29

When a new piece of malware appears, people can try to determine where it comes from, and who its authors could be.

How do security experts attempt to identify the authors of a new publicly disclosed piece of malware? What techniques (e.g. reverse engineering) are available?

Steve Dodier-Lazaro
  • 6,798
  • 29
  • 45
user3404735
  • 465
  • 5
  • 7
  • 13
    Decompile the malware and look for a personal e-mail address of course.

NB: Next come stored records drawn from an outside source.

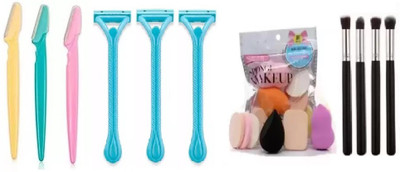 RP Combo For Girl & Women for Face Shaving and Makeup(8 Items in the set)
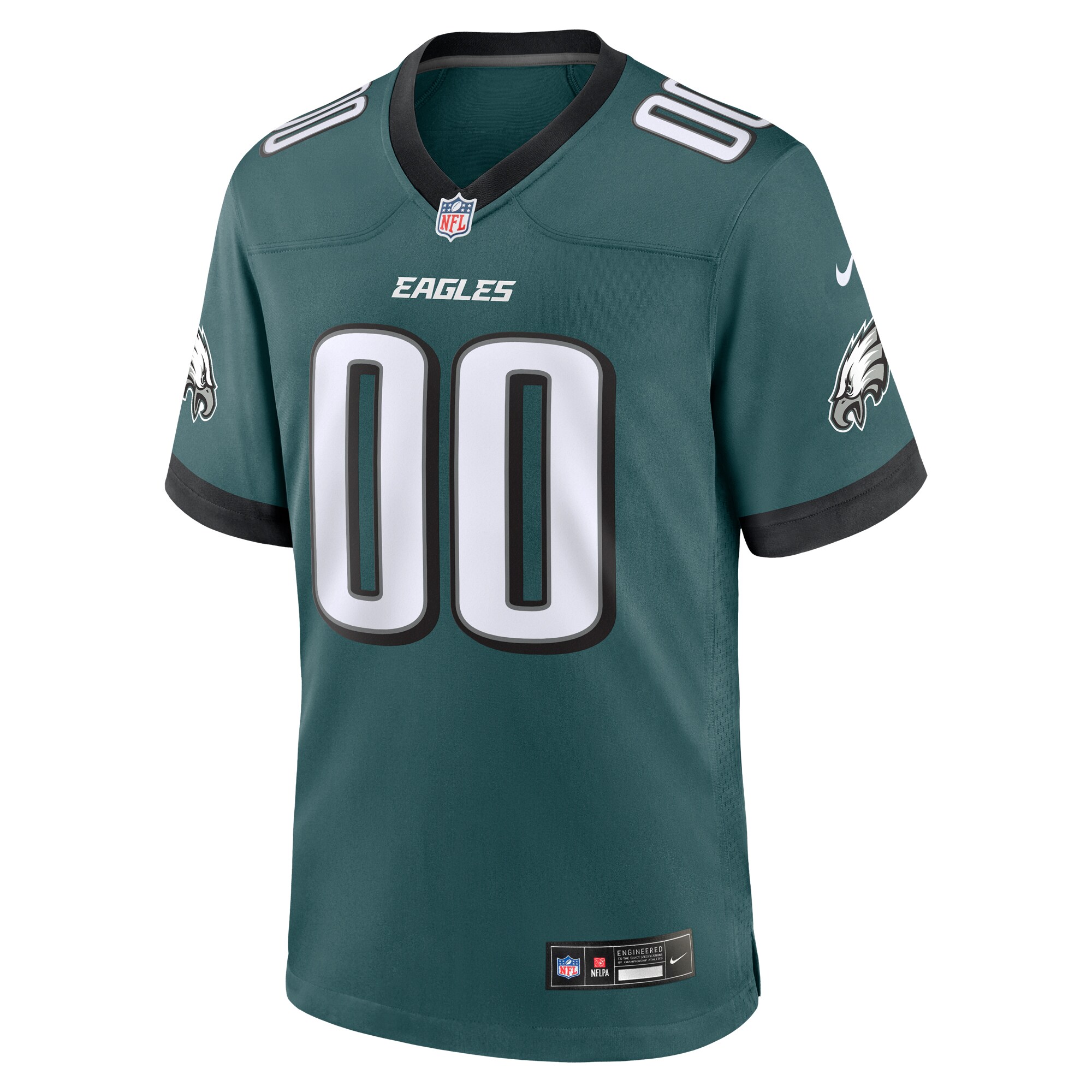 Alternative view of Nike Eagles Midnight Green Custom Jersey - Personalized!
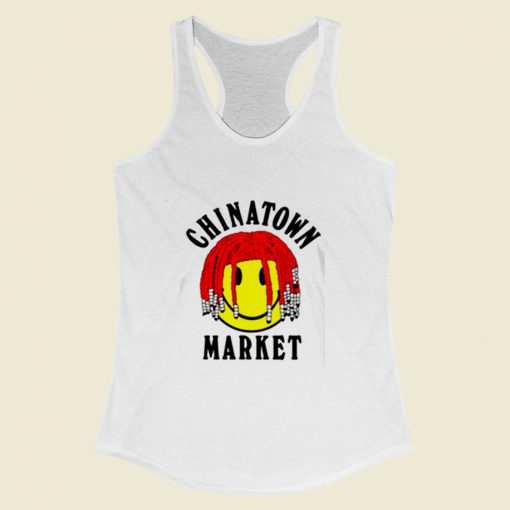 Lil Yachtys Merch For Chinatown Market Women Racerback Tank Top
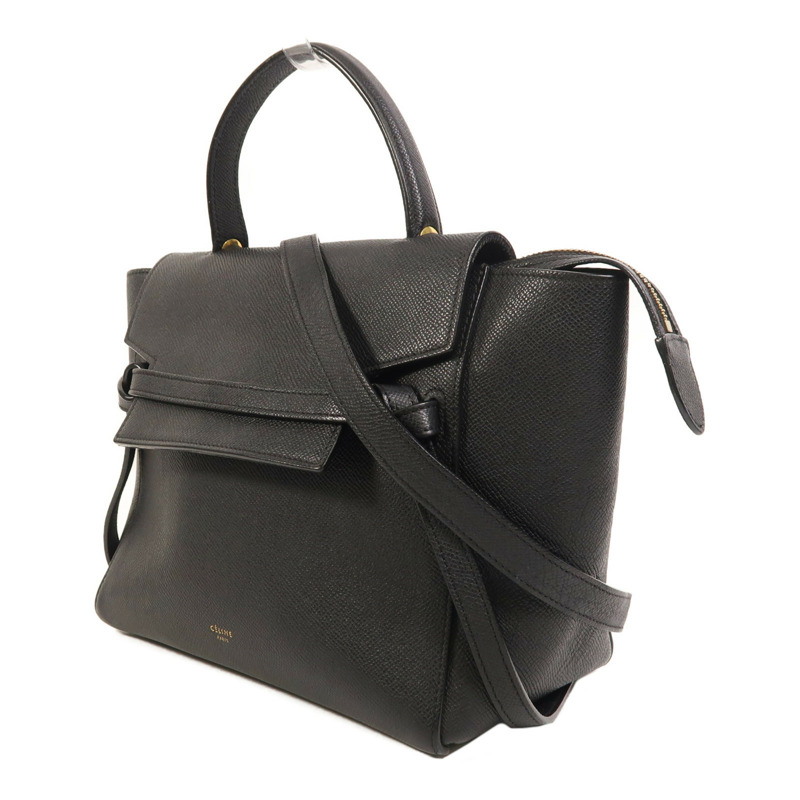 CELINE 牛皮皮革Micro Belt Bag金扣手挽肩背兩用袋-2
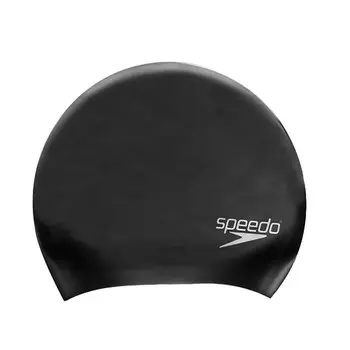 Шапочка для плавания, для длинных волос Speedo, черный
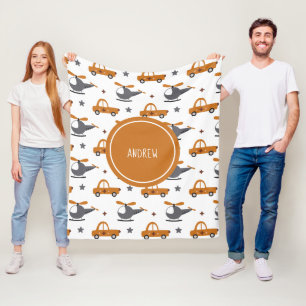 Cobertor De Velo Helicópteros e Carros Brinquedos para Crianças Pad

Note, this will only work on 14-year olds trying to steal minecraft passwords. – Nathan Goings Jan 14 '16 at 17:21
  • 4
    We assume the maleware has no "about..." menu where you can commit bugreports or load the latest version along with legal contact data? – Zaibis Jan 15 '16 at 08:40
  • While the authors likely want to remain undetected, they are often narcistic enough to at least leave a pseudonym in the open for bragging purposes. – Hagen von Eitzen Jan 15 '16 at 15:44
  • If `...timestamps in the malware seem to indicate that the programmers worked overwhelmingly Monday-Friday in what would correspond to a 08:00-17:00 workday in an Eastern United States timezone` that is some good too. ([Kaspersky](https://securelist.com/blog/research/69203/inside-the-equationdrug-espionage-platform/)) – Eugene Ryabtsev Jan 15 '16 at 16:49

2 Answers2

49

There are a number of different techniques, depending on the skill level of the malware author:

  • Embedded metadata - compiled programs can contain details about their authors. This is most commonly seen in legitimate programs, and shows in the details screen if you look in Windows properties. Attackers who are out for fame might well put identifying details in these fields
  • Accidental embedding - compilers will often include details on compiler flags used, which may well include paths to source files. If the source file was in /users/evilbob/malware, you can make a pretty good guess that evil bob wrote it. There are ways to turn off these inclusions, but everyone makes mistakes sometimes
  • Common code - malware authors are like any other programmer, and will reuse useful bits of code from previous work. It is sometimes possible to spot that a section of compiled code matches a previously discovered section of code so closely that it seems probable that the same source code was used for each. If that is the case, can deduce that the second author had access to the code from the first, or may be the same person.
  • Common toolchain - if a developer tends to use Visual Studio, it would be unexpected to see their code turning up compiled with GCC. If they use a specific packer, it would be strange to see them using a different packer. It's not perfect, but it could suggest a distinction.
  • Common techniques - similar to the above, coders often have specific patterns of coding. People are unlikely to switch patterns, so you can make a reasonable guess that if some compiled code couldn't have been generated in a particular coding style, it probably wasn't written by someone who has previously been known to use a different style. This is much easier with interpreted languages, as seeing consistent use of, say, for loops rather than while loops is easier than spotting the differences between the compiled output of each (modern compilers may well reduce them to exactly the same set of instructions).
  • Malware origin - where did it come from? Does it have any text in specific languages, or typos which suggest a particular background? (e.g. colour would suggest that the author wasn't American, generale might suggest someone used to writing in a Romance language such as French or Italian)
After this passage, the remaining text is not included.